Я приставал к одному, к другому: «Как? Каким образом?». Ответы получал самые различные и невероятные. Они меня не удовлетворяли, и в голове у меня кишела полная несуразица. На младшую сестрицу мы смотрели, как на куклу, с которой однако обращаться надо очень осторожно. Я мог часами проводить у ее колыбели, смотреть, как ее распеленовывают, купают.

Наступило время крестин. Как тогда полагалось, они состоялись не в церкви, а в нашей квартире. Крестными родителями были самые богатые родственники — дядя Володя — Владимир Петрович Трубецкой, и бабушка Екатерина Павловна Хрептович-Бутенева. В ее честь новорожденная была названа Екатериной. Возможно, мои родители в весьма далекой перспективе рассчитывали на какое-либо приданое для своей дочери.

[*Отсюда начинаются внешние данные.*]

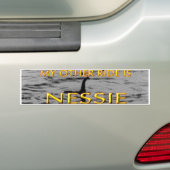 AUTOCOLLANT DE VOITURE NESSIE (En voiture)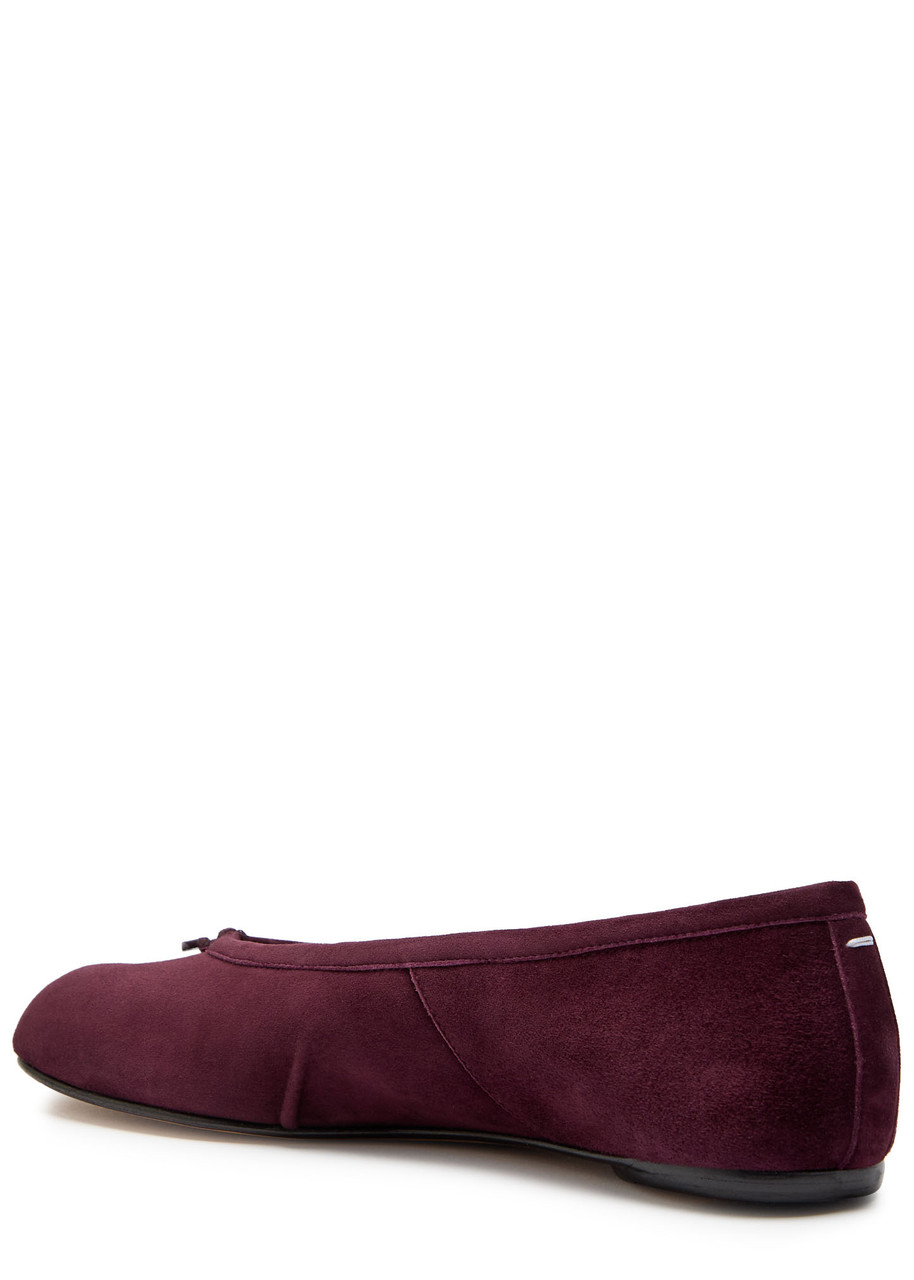 Maison Margiela Split Toe Suede Ballerina Shoes With Bow In Brown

Весною мы покинули квартиру на Молчановке навсегда, так как младшая дочь дедушки и бабушки Голицыных Татьяна выходила замуж за брата моей матери дядю Петю — Петра Сергеевича Лопухина. Старики не захотели оставаться вдвоем и позвали нас жить вместе. Бабушка всегда любила, чтобы ее окружали дети и внуки.